OK, you'll need to read Part One first.
My main thesis is that voting reform is not a strong argument. I know at the minute the nastiness of the electoral system is a central part of the campaign.
First past the post locks people in, it means you can't vote for a party with a small base support for fear of letting in the main opposition. Put anotehr way, First Past teh post works best [sic] when you are faced with only two choices, as soon as a third choice enters it merely becoms a secondary factor working on the choice between the two leading candidates.
Hence famously(ish) Respect helped the Tories win a council election by taking votes off labour (to be precise, more votes than the difference between Labour and Tory). Likewise the referendum party helped remove Major's government by splitting away Tory votes.
Now, most Proportional Systems are set up to reward votes gained only. That is, voting for one party does not objectively become a vote for another. They are also more volatile systems because of this, because parties are seen of having more chance of winning - i.e. that our votes can be effective. Not much point voting Green, say, since they won't win under First Past the Post.
This is a major reason why turnout is dire in areas with thumping Labour majorities.
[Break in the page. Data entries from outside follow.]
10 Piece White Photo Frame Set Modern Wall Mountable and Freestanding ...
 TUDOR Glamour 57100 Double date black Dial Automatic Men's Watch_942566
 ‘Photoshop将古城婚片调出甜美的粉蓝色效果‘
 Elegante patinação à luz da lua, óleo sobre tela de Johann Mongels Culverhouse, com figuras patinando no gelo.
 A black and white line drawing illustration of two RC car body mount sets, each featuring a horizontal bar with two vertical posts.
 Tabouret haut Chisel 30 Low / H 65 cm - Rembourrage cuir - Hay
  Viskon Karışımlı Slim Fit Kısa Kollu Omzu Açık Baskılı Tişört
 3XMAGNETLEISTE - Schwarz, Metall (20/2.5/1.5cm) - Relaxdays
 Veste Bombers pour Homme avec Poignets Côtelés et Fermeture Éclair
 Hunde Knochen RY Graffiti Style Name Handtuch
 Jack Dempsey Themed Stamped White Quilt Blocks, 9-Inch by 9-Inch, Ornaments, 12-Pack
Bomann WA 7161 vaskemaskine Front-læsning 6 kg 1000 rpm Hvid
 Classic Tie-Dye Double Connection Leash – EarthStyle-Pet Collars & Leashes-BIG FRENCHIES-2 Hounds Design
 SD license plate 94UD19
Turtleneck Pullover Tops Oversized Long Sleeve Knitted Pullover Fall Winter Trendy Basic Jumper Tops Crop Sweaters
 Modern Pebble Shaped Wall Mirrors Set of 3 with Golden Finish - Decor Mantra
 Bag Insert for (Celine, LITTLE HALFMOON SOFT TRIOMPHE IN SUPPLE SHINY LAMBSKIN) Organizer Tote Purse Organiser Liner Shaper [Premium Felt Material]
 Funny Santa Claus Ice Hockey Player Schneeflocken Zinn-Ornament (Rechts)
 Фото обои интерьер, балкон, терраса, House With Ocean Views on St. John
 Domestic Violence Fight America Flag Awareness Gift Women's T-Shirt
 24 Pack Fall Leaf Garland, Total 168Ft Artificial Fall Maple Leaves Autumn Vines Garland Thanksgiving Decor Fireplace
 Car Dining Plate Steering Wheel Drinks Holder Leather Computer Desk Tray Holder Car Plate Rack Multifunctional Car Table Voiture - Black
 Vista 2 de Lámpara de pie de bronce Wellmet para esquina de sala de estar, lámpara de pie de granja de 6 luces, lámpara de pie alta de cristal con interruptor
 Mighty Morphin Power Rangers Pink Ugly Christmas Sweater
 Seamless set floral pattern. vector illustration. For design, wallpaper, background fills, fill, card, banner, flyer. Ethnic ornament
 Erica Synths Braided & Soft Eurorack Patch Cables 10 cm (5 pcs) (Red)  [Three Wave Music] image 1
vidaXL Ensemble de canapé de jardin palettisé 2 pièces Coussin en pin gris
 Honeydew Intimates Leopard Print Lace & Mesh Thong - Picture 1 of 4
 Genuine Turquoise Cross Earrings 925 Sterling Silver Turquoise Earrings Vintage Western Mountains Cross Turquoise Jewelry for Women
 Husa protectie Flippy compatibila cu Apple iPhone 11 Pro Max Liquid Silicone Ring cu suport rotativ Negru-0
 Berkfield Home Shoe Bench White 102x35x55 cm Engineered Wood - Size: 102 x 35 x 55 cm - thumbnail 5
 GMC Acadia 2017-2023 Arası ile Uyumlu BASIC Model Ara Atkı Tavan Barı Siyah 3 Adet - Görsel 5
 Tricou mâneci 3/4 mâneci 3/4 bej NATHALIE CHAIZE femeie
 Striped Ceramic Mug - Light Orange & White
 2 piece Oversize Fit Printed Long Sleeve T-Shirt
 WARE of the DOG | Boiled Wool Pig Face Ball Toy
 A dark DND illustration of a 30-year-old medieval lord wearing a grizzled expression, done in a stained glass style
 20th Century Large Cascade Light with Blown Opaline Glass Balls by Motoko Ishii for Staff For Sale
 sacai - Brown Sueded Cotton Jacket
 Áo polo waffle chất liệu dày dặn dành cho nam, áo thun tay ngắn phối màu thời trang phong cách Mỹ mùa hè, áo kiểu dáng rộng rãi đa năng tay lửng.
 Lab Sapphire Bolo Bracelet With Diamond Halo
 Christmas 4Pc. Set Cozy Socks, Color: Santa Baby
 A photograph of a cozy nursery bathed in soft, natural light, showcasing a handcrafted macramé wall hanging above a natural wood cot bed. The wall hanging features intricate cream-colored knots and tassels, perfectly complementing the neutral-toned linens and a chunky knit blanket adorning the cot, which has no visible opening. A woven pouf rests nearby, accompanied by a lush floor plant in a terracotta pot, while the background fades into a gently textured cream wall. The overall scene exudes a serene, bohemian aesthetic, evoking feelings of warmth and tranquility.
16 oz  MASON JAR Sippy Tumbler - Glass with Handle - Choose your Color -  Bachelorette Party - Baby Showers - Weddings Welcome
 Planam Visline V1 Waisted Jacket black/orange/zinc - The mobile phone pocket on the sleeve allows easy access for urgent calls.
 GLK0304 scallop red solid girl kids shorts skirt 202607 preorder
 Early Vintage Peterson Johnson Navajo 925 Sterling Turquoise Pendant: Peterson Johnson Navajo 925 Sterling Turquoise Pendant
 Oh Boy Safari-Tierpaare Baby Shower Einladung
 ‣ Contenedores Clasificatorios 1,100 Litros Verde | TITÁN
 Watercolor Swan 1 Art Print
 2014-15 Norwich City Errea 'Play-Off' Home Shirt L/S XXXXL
There is just no point voting against them. (Although if you think it's bad here, look at the results from local Elections in Washington DC. The point is, though, that in elections that only return one representative per geographic area, the system is enforcing homogeneity, compelling coalition building. But when that sort of homogeneity doesn't exist in the electorate, that can only happen by covering over the cracks.
Further, given the resources required for an election campaign, and the level of media access required, tehre is a huge incumbancy advantage. The whole concept of 'Main parties' gives them an air of establishment an permenance, backed up by the fact that the warring bands who really make them up are compelled to mask themselves behind the party brand. And of course, whoever controls the party machinery has a further edge in ensuring they can get teh best of the system.